To gain access to this special case, which the kernel can take advantage
of when calls to __muloti4 appear, bump the minimum supported version of
LLVM for building the kernel to 13.0.1. 13.0.1 was chosen because there
is minimal impact to distribution support while allowing a few more
workarounds to be dropped in the kernel source than if 12.0.0 were chosen.
Looking at container images of up to date distribution versions:
archlinux:latest clang version 16.0.6
debian:oldoldstable-slim clang version 7.0.1-8+deb10u2 (tags/RELEASE_701/final)

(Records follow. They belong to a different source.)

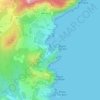 Platja d'Aiguablava topographic map, elevation, terrain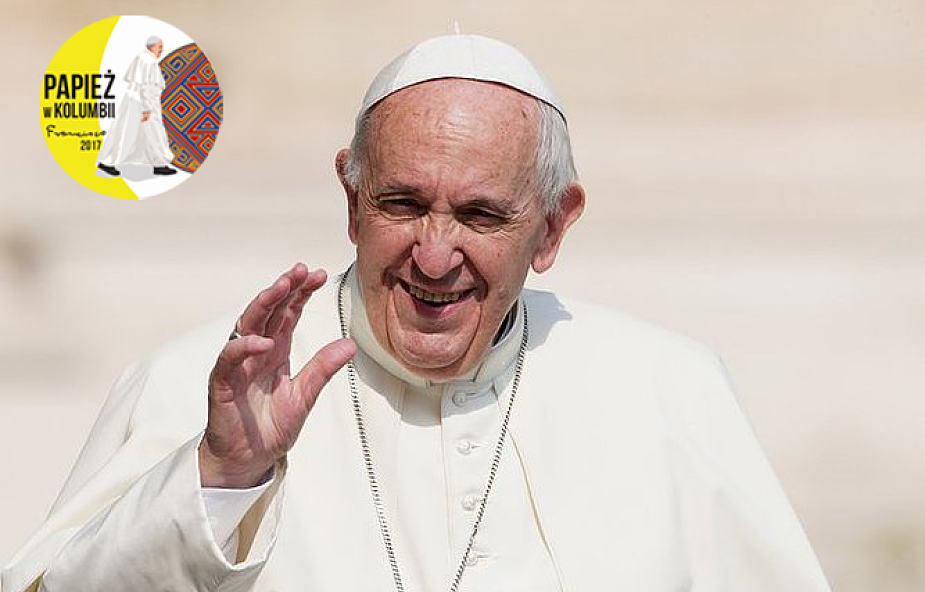Papież wyruszył z pielgrzymką do Kolumbii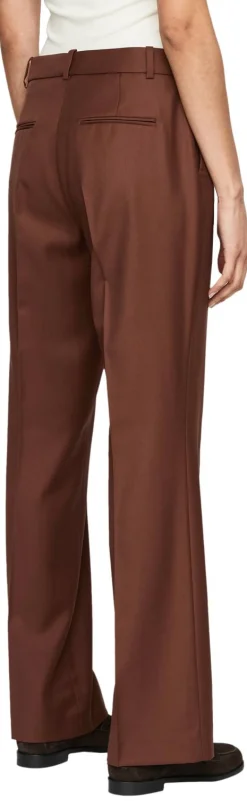 Ausgestellte Wollhose 'Lumira Wool' Marrone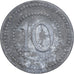 Allemagne, Stadt Hörde, 10 Pfennig, TB, Zinc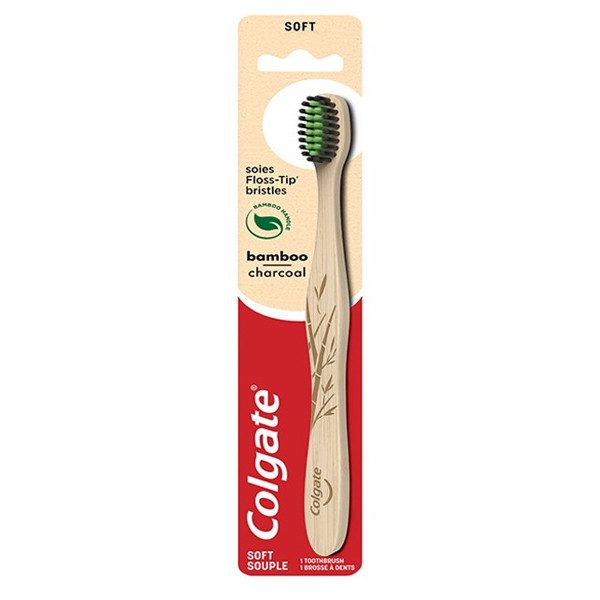COLGATE οδοντόβουρτσα Bamboo Charcoal μαλακή 1τεμ – Οδοντόβουρτσες Απλές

debian:oldstable-slim Debian clang version 11.0.1-2
debian:stable-slim Debian clang version 14.0.6
debian:testing-slim Debian clang version 16.0.6 (19)
debian:unstable-slim Debian clang version 16.0.6 (19)
fedora:38 clang version 16.0.6 (Fedora 16.0.6-3.fc38)
fedora:latest clang version 17.0.6 (Fedora 17.0.6-1.fc39)
fedora:rawhide clang version 17.0.6 (Fedora 17.0.6-1.fc40)
opensuse/leap:latest clang version 15.0.7
opensuse/tumbleweed:latest clang version 17.0.6
ubuntu:focal clang version 10.0.0-4ubuntu1
ubuntu:latest Ubuntu clang version 14.0.0-1ubuntu1.1
ubuntu:rolling Ubuntu clang version 16.0.6 (15)
ubuntu:devel Ubuntu clang version 17.0.6 (3)
The only distribution that gets left behind is Debian Bullseye, as the
default version is 11.0.1; other distributions either have a newer version
than 13.0.1 or one older than the current minimum of 11.0.0. Debian has
easy access to more recent LLVM versions through apt.llvm.org, so this is
not as much of a concern. There are also the kernel.org LLVM toolchains,
which should work with distributions with glibc 2.28 and newer.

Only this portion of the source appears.